Good to know. I was told the same by DiscountHawaiiCarRental but hadn't gotten through to Budget yet. Guess I'll do the same and try making a new reservation with my Fastbreak number.


----------



## Blues (May 30, 2018)

KevinB said:


> Anyone traveling to Kauai around late June or July, heads up !
> I had a jeep rented for the week of June 30-July 7. My previous best price for a 4DR was $359.99 as a base price. As of yesterday it was $206. Big savings !!



I'll be on Kauai the same week.  Had reservations through discounthawaiicarrental.  But in the last couple of days, costcotravel has beaten their prices.  I now have an intermediate SUV rented for 6 days for $288, which is miles better than it was just a week ago.  Discounthawaii is considerably more.



DavidnRobin said:


> Google maps has the road north of Hanalei as closed. Running convoys only for locals.
> There is a number you can call that has recorded info - daily.
> ‭(808) 241-1725‬
> Sent from my iPhone using Tapatalk



Google maps is showing the area of 560 just past Hanalei Beach will reopen June 23, and the part further west, towards Tunnel Beach, to reopen June 1.  I hope they're right!


----------



## brianfox (May 30, 2018)

I have a 3 week stay in Kauai coming up in early July.
In October of last year I made two reservations:
Standard SUV for $1225
Premium class car for $1161

Just checked and Costco is > $2000 for each today, as is DiscountHawaiiCarRental.

Although I used to swear by places like DiscountHawaiiCarRental, Costco has a huge leg up in that they include a second driver free of charge.  Hawaii is one of those states where most rental companies charge you upwards of $10-20 per day for a spouse driver.


----------



## DavidnRobin (May 30, 2018)

Blues said:


> I'll be on Kauai the same week.  Had reservations through discounthawaiicarrental.  But in the last couple of days, costcotravel has beaten their prices.  I now have an intermediate SUV rented for 6 days for $288, which is miles better than it was just a week ago.  Discounthawaii is considerably more.
> 
> 
> 
> Google maps is showing the area of 560 just past Hanalei Beach will reopen June 23, and the part further west, towards Tunnel Beach, to reopen June 1.  I hope they're right!
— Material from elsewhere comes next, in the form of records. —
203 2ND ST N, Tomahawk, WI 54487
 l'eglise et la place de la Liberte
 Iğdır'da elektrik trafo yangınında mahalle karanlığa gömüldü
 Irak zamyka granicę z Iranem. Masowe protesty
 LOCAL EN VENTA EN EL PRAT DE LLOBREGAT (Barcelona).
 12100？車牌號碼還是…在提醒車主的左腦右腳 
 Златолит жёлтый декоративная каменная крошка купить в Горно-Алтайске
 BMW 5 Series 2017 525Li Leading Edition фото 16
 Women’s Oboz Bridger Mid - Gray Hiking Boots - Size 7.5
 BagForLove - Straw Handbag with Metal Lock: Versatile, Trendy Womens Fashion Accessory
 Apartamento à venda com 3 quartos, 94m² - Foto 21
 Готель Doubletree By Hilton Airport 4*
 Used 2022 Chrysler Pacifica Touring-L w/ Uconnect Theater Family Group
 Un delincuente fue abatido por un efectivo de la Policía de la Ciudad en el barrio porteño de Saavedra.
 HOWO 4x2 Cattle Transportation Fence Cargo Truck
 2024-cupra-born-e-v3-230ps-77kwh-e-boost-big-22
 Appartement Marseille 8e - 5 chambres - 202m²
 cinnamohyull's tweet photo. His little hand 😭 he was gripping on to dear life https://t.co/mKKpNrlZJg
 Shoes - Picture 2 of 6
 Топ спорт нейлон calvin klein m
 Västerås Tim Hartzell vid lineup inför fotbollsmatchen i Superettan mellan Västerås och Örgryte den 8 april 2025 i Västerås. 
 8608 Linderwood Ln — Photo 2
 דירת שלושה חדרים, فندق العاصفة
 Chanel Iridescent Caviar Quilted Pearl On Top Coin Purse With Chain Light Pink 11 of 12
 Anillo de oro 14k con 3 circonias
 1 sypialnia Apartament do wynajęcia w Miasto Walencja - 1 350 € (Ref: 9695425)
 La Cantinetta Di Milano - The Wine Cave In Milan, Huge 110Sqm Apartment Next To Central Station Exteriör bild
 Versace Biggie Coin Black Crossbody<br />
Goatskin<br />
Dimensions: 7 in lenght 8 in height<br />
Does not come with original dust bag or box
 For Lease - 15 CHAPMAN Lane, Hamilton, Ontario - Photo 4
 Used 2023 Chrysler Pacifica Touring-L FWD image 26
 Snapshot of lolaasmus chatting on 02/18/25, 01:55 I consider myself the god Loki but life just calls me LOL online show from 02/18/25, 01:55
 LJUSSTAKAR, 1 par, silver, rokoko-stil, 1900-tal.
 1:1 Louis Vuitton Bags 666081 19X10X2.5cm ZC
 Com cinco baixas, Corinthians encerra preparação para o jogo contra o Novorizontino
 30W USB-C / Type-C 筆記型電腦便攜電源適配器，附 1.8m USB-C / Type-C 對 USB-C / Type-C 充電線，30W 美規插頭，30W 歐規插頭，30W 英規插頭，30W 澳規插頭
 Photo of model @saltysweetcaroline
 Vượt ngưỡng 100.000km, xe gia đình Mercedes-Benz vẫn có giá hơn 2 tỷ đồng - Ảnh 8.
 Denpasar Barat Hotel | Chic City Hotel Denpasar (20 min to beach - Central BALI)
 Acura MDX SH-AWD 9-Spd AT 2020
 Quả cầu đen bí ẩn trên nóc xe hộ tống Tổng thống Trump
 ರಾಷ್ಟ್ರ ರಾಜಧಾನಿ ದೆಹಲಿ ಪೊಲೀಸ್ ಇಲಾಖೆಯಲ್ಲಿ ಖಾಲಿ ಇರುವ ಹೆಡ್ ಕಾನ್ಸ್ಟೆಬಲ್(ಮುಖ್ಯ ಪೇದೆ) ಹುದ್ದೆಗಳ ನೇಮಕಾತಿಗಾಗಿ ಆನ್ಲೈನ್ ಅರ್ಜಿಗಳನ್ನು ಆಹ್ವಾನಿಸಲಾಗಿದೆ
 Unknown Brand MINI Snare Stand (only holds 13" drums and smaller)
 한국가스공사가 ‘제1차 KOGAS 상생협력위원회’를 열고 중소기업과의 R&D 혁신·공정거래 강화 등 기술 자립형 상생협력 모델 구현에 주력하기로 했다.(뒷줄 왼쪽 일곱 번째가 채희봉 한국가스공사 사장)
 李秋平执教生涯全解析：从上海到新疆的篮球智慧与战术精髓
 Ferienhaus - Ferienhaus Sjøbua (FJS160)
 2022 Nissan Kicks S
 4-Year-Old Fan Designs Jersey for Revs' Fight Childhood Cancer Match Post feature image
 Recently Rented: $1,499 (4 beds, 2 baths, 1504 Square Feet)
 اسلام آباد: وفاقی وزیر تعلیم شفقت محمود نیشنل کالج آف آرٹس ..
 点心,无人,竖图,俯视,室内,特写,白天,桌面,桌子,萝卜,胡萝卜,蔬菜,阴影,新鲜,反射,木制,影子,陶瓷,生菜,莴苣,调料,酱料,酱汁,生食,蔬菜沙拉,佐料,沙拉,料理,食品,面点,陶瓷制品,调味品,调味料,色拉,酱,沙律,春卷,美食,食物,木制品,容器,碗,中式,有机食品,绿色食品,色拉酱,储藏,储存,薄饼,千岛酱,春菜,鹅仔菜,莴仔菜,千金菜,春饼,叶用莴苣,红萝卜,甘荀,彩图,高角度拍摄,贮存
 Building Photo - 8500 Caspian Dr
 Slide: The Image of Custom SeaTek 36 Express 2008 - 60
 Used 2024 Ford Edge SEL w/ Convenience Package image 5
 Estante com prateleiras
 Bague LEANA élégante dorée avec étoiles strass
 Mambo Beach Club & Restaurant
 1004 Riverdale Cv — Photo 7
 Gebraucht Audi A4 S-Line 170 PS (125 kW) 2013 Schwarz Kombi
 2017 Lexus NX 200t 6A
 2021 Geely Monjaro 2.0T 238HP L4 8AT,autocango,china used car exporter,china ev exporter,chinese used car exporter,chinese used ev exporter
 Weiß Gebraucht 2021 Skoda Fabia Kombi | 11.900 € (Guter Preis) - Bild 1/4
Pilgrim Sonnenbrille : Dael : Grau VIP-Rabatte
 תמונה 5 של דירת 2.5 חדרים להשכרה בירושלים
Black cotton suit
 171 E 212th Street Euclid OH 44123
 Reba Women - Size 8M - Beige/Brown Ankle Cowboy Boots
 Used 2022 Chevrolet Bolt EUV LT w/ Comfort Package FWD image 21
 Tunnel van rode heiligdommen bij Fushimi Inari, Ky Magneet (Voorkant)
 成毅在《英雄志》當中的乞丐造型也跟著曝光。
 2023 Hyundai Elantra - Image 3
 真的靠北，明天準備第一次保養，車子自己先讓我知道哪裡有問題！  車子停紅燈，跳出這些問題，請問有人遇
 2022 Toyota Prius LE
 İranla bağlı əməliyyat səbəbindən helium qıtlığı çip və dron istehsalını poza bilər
The road beyond Waipa bridge opening (June 23) negates ability to get to Tunnels (June 1) since you have to get across the Waipa bridge to get to Tunnels area - not sure if I trust Google Maps here.
Regardless, looks like we are out of luck - we leave WPORV June 22


Sent from my iPhone using Tapatalk


----------



## Lydlady (May 30, 2018)

Wow, just tried adding my Fast Break # and booking through Budget.  My rate is quite a bit higher for the same vehicle that I booked through DiscountHawaii CR.  Sheesh, that Fast Break # doesn't appear to be a good thing.  I can rent a Jeep Wrangler for about $50 more than an Intermediate vehicle through DiscountHawaii.  I'm not a Costco member so can't use that.  Might consider it for future trips.


----------



## DaveNV (May 30, 2018)

Lydlady said:


> Wow, just tried adding my Fast Break # and booking through Budget.  My rate is quite a bit higher for the same vehicle that I booked through DiscountHawaii CR.  Sheesh, that Fast Break # doesn't appear to be a good thing.  I can rent a Jeep Wrangler for about $50 more than an Intermediate vehicle through DiscountHawaii.  I'm not a Costco member so can't use that.  Might consider it for future trips.



Not sure what changed.  Kevin said he was able to rebook his time and added his Fast Break number for the same rates he'd gotten before. But as others have said, when trying to add a FB number to an existing reservation tripped the rates to whatever they are for today. Can you try making a new booking through DHCR, and including the FB number with that?  There should be a way to do it.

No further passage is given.